Разумеется, я не сказала родителям, чья это была идея, да и, в конце концов, я была сама виновата, что послушала его и настолько уверилась в успехе, что не задумалась о возможных мерах безопасности. Представьте себе, мне было даже совсем не страшно прыгать, тем более что у меня уже был немалый опыт полетов во сне.

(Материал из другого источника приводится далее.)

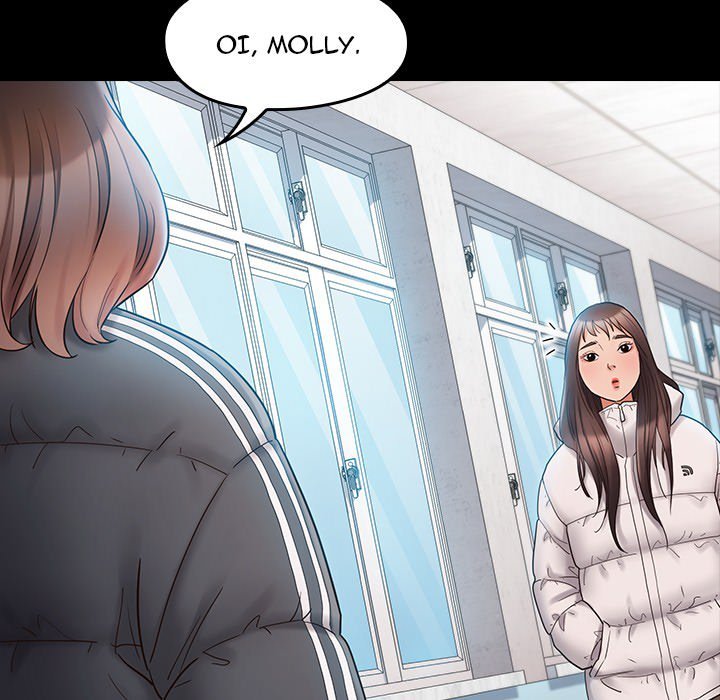 Fruitless Manhwa - Chapter 37 Page 109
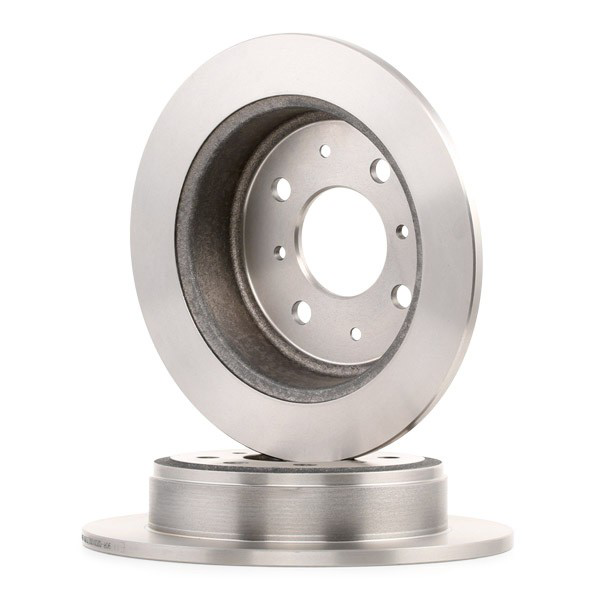 Comprar 08571910 Brembo Disco de freno trasero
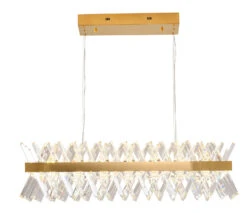 LED Chandelier FT53C34G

В тот год Ллуйор пошел в первый класс. Поначалу отчим хотел отдать его сразу во второй как уже умеющего читать и писать, но, трезво оценив способности подопечного, решил этого не делать. Как и следовало ожидать, будущего ученика палача там встретили неласково. А если учесть, что и сам процесс учебы, мягко говоря, не доставлял ему удовольствия, то неудивительно, что школу он в конце концов бросил. Правда, сказать об этом дома Ллуйор не решился; он уходил с утра как будто на занятия, а сам целый день играл на улице с мальчишками, с которыми все-таки свел знакомство (они жили в другом районе Йартнара и не знали, что он — ученик палача). Среди этих мальчишек были и другие прогульщики и самые натуральные босоногие оборванцы, у родителей которых просто не было денег на школу, но им-то он не читал никаких проповедей о недостойности подобного поведения…
Естественно, спустя какое-то время все это открылось. И, естественно, Ллуйору сильно не поздоровилось. Как я уже говорила, меня отчим никогда не бил, но его тогда все-таки выпорол, сказав, что ученику палача следует иметь о боли не только теоретическое представление. Досталось ему (уже на словах) и от мамы, и от меня.
Больше всего меня возмутило даже не то, что он бросил школу, а то, что он врал всем нам, включая и меня, своего лучшего друга. И когда я высказывала ему свое возмущение (мы сидели вдвоем на чердаке, точнее, я сидела, а он после полученной взбучки предпочел лежать на пузе, подстелив гобелен с охотниками), он обозленно заявил, что врут все вокруг, «и дядя Кйотн, и твоя мать тоже». Когда же я потребовала объяснений, он с довольным видом выложил, что Кйотн Штрайе — вовсе не мой родной отец.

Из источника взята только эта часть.